=== Dataset section ===

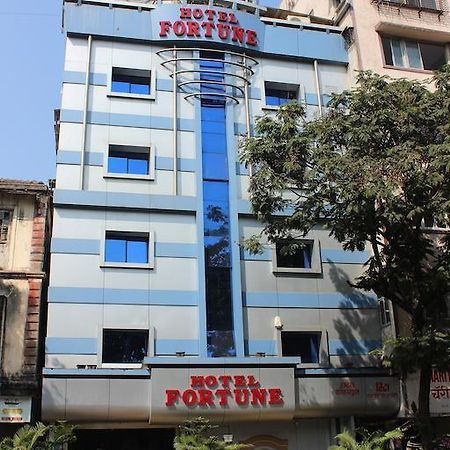 Hotel Fortune Мумбаї Екстер'єр фото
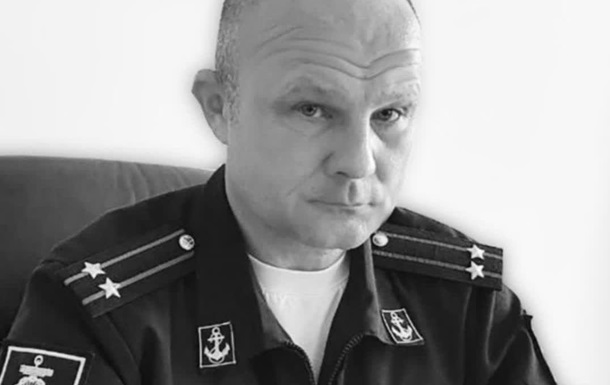 У РФ знайшли труп військового комісара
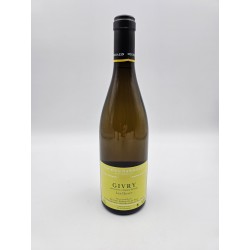 Domaine Sarrazin Givry Blanc Dracy | French White Wine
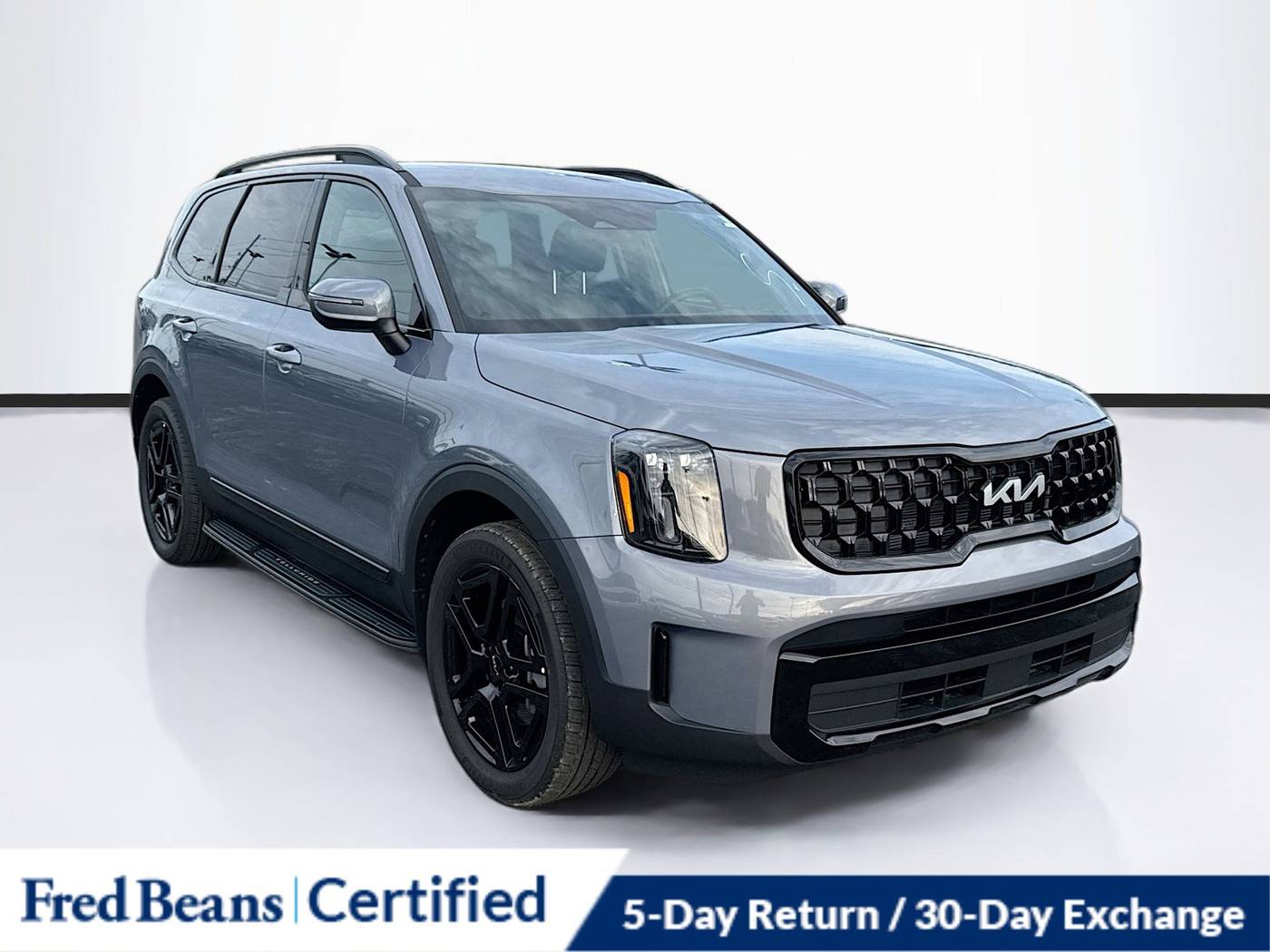 2024 Kia Telluride EX — SUV — 19,520 mi — Mechanicsburg, PA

===

Prompt:
The listing above should be repeated word for word, pictures removed.

Exercise response:
 Hotel Fortune Мумбаї Екстер'єр фото
 У РФ знайшли труп військового комісара
 Domaine Sarrazin Givry Blanc Dracy | French White Wine
 2024 Kia Telluride EX — SUV — 19,520 mi — Mechanicsburg, PA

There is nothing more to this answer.